Final regs: The quoted final reg section in item 3 above specific talks about the employee dying on or after the required beginning date. I understand this to imply that if death is before the required beginning date, even if death occurs in the year the employee attains age 70½, there is no year of death minimum required distribution. If anyone disagrees, I’d like to hear why.

5. Comment letter: "Prop. Reg. 1.401(a)(9)-4, A-4(a) talks about a beneficiary who was a beneficiary at the date of death but is not a beneficiary due to a disclaimer. Must such a disclaimer be a qualified disclaimer in accordance with the rules of Sec. 2518?"

Final regs: Reg 1.409(a)(9)-4, A-4(a) talks about a person disclaiming an employee’s benefit "pursuant to a disclaimer that satisfies section 2518...", not being taken into account in determining the designated beneficiary on the determination date. So the answer to the question in the comment letter is "yes".

6. Comment letter: "Do these new regulations apply to beneficiaries of decedents who died prior to January 1, 2001?"

Final regs: Reg 1.409(a)(9)-1, A-2(b)(1) says that the final regs apply to beneficiaries even if the account holder died before January 1, 2003. For 2003 and later years, the designated beneficiary will be determined under the final regs, and the distribution period will be restated to conform to the new tables. Beneficiaries who are under the five year rule may switch to the lifetime payout if the plan permits, provided that any amounts that should have been distributed under the lifetime payout, are distributed by earlier of December 31, 2003, or the date that the five year payout would have had to been completed.
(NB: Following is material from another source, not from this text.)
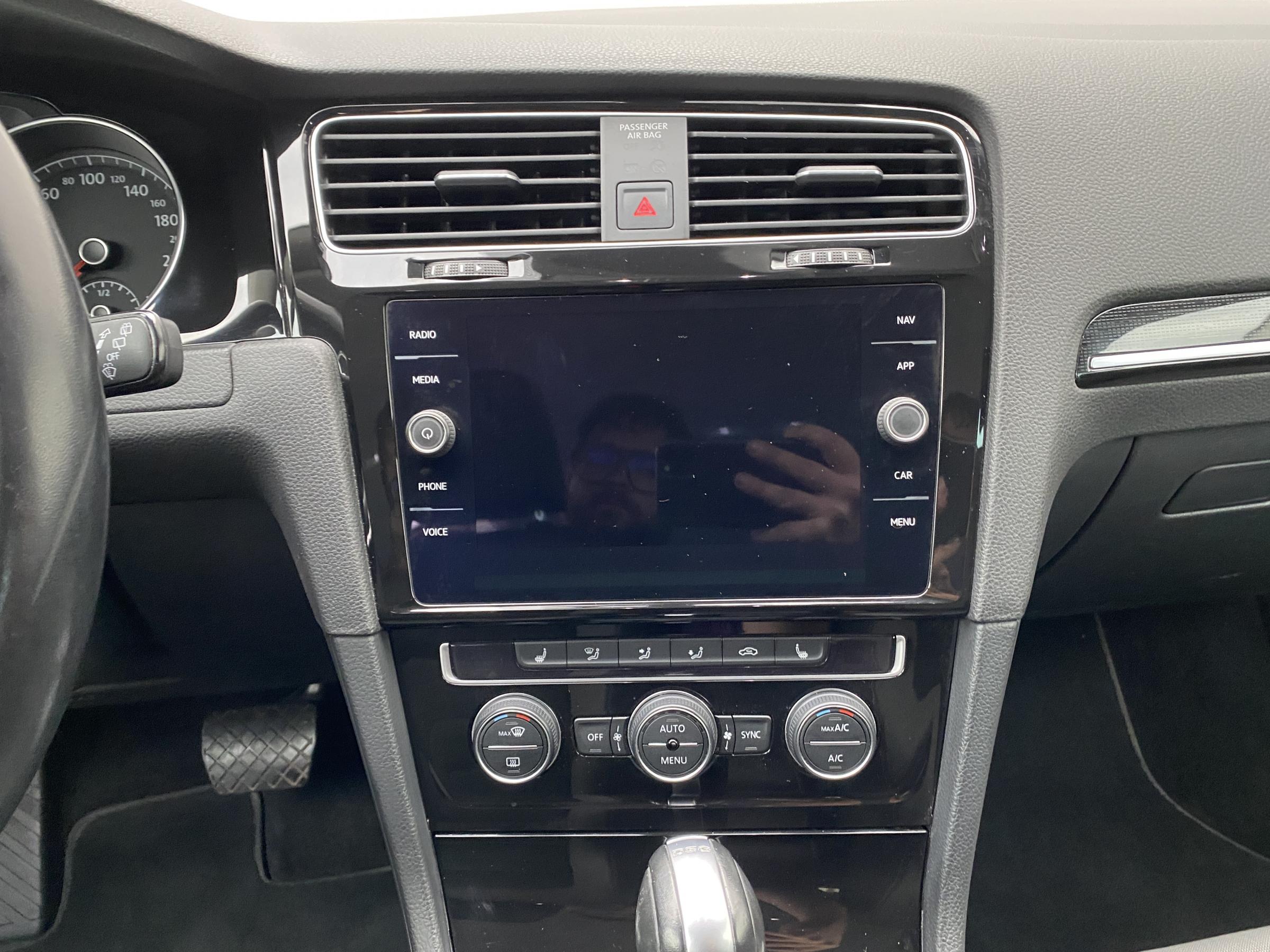 Volkswagen Golf, 2018 - pohled č. 12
7. Comment letter: "The rules for having the custodians compute the annual minimum required distribution have to take into account things like outstanding rollovers, and recharacterized Roth conversions. Otherwise an individual can avoid having the custodian report a required distribution by converting his IRA to a Roth every December, and recharacterizing it back to the traditional IRA by the following April 15th."
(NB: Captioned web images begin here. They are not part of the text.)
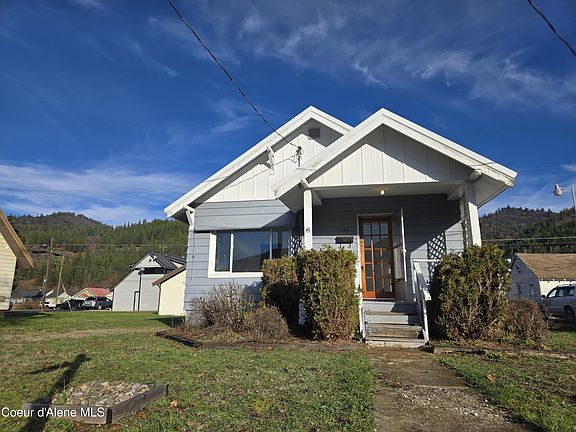 2nd image of 134 W Riverside Ave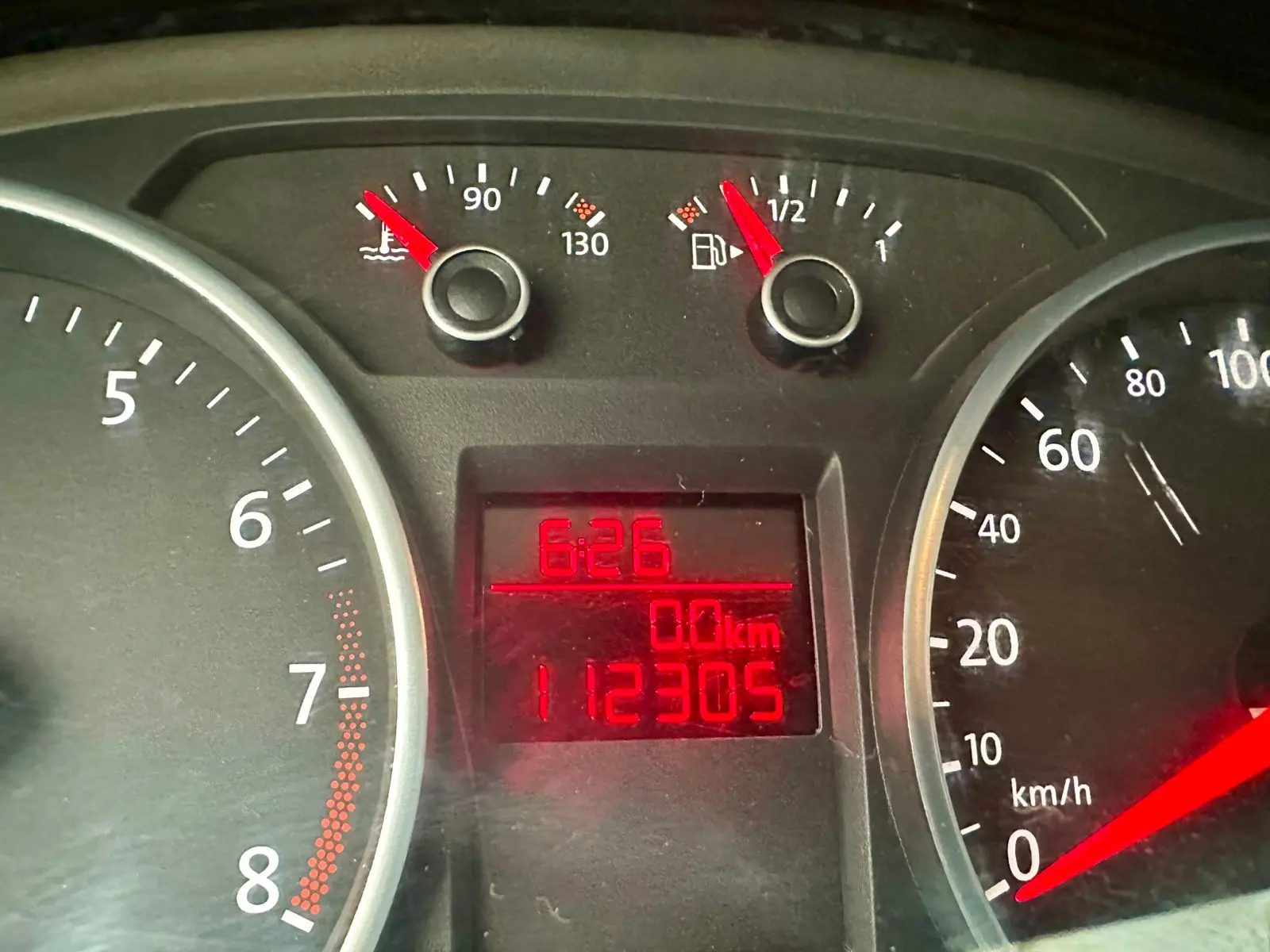 VOLKSWAGEN Saveiro - Foto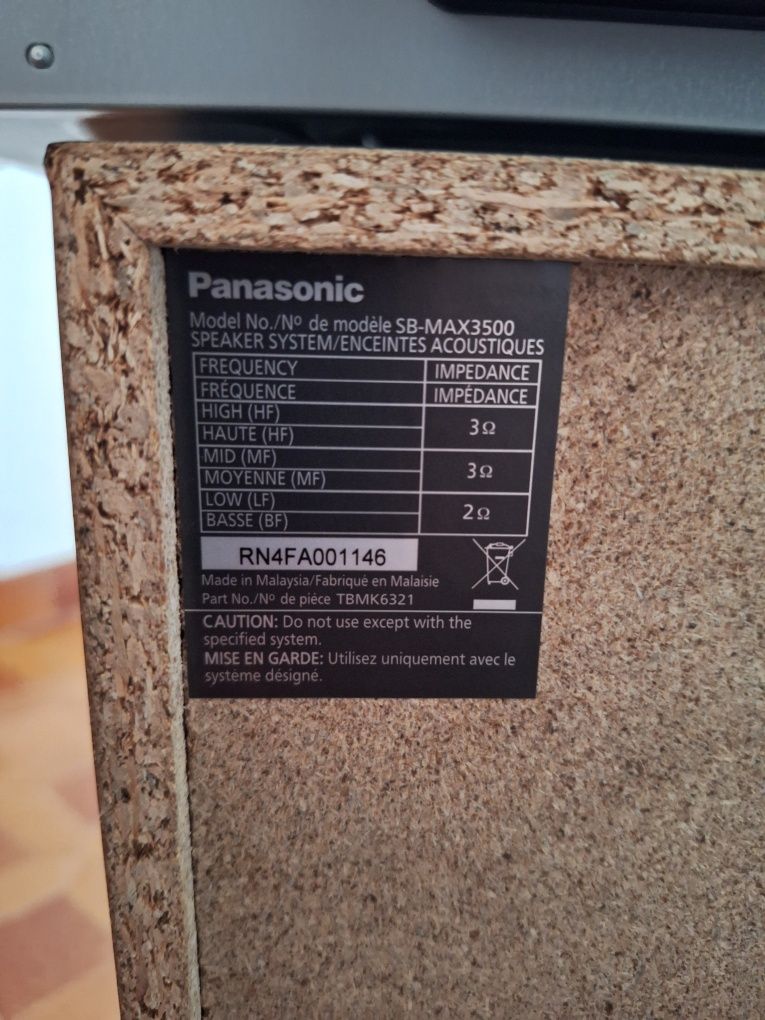 Sistem audio Panasonic karaoke model SC-MAX3500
Final regs: The final regs do not require the custodian to report the minimum required distribution to the IRS. Starting in 2004, custodians will merely have to note on Form 5498 that the IRA holder is required to take a minimum required distribution. However, starting in 2003, the custodian will either have to notify the IRA holder of the amount of the minimum required distribution, or notify the IRA holder that the custodian will compute the minimum required distribution for the IRA holder on request. There is no reporting requirements for Roth IRAs or IRAs of deceased IRA holders. The reporting requirements are listed in Notice 2002-27, 2002-18 IRB 1.
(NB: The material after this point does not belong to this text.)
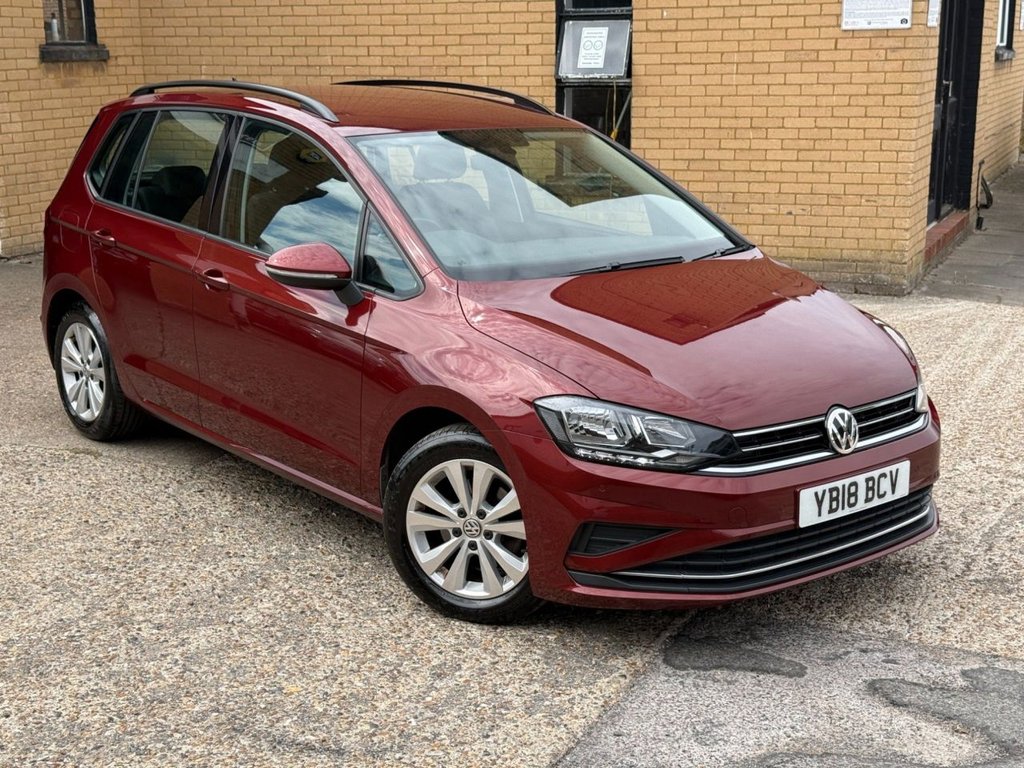 Volkswagen Golf Sv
8. Comment letter: "Although it seems clear from the preamble to the proposed regulations that splitting retirement accounts after death when there are multiple beneficiaries is anticipated, the technical language of Prop. Reg. 1.408-(a)(9)-8, A-2 is not clear. For the sake of clarity, I request that the proposed regulations reflect that if an account with multiple beneficiaries is split into separate accounts prior to December 31st of the year after the year of the account holder’s death, each beneficiary will be a designated beneficiary for their separate account."

Final regs: Reg 1.409(a)(9)-8, Q&A-2 & 3, discusses separate shares and treating each beneficiary as a designated beneficiary of their separate share. The account can be split up to December 31st of the year after the year of the account holder’s death. However, the determination date is September 30th, so there appears to be a question of how to determine a minimum required distribution when the account is split between October 1st and December 31st of the year after the year of death of the account holder.